There are several types of dyslexia that can affect the child’s ability to spell as well as read.

“Trauma dyslexia” usually occurs after some form of brain trauma or injury to the area of the brain that controls reading and writing. It is rarely seen in today’s school-age population.

A second type of dyslexia is referred to as “primary dyslexia.” This type of dyslexia is a dysfunction of, rather than damage to, the left side of the brain (cerebral cortex) and does not change with age. Individuals with this type are rarely able to read above a fourth-grade level and may struggle with reading, spelling, and writing as adults. Primary dyslexia is passed in family lines through their genes (hereditary). It is found more often in boys than in girls.
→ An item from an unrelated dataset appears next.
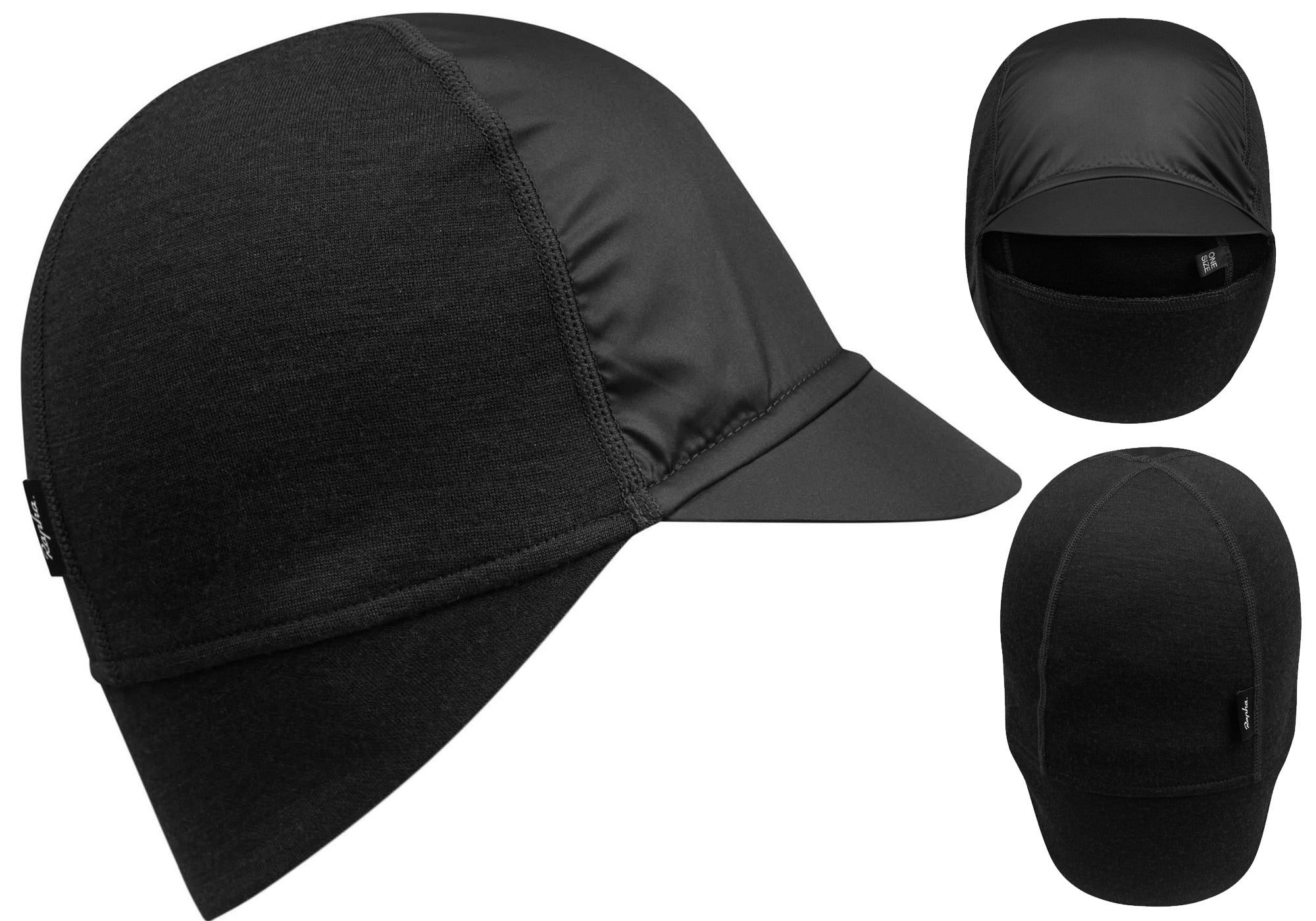 Rapha Unisex Peaked Merino Hat - One Size Fits All – woolyswheels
A third type of dyslexia is referred to as “secondary” or “developmental dyslexia” and is felt to be caused by hormonal development during the early stages of fetal development. Developmental dyslexia diminishes as the child matures. It is also more common in boys.

Dyslexia may affect several different functions. Visual dyslexia is characterized by number and letter reversals and the inability to write symbols in the correct sequence. Auditory dyslexia involves difficulty with sounds of letters or groups of letters. The sounds are perceived as jumbled or not heard correctly. “Dysgraphia” refers to the child’s difficulty holding and controlling a pencil so that the correct markings can be made on the paper.



第二類讀寫障礙被稱為「原發性讀寫障礙」。這類型的讀寫障礙源於腦部左側(大腦皮層)有功能障礙,而不是腦部有損傷,並且不隨年齡而改變。 這些孩子很少能夠應付四年級以上程度的閱讀要求,成年後也可能在閱讀、拼寫和寫作上有困難。 原發性讀寫障礙通過基因(遺傳性)在家族中遺傳。相對女孩,更常見於男孩子身上。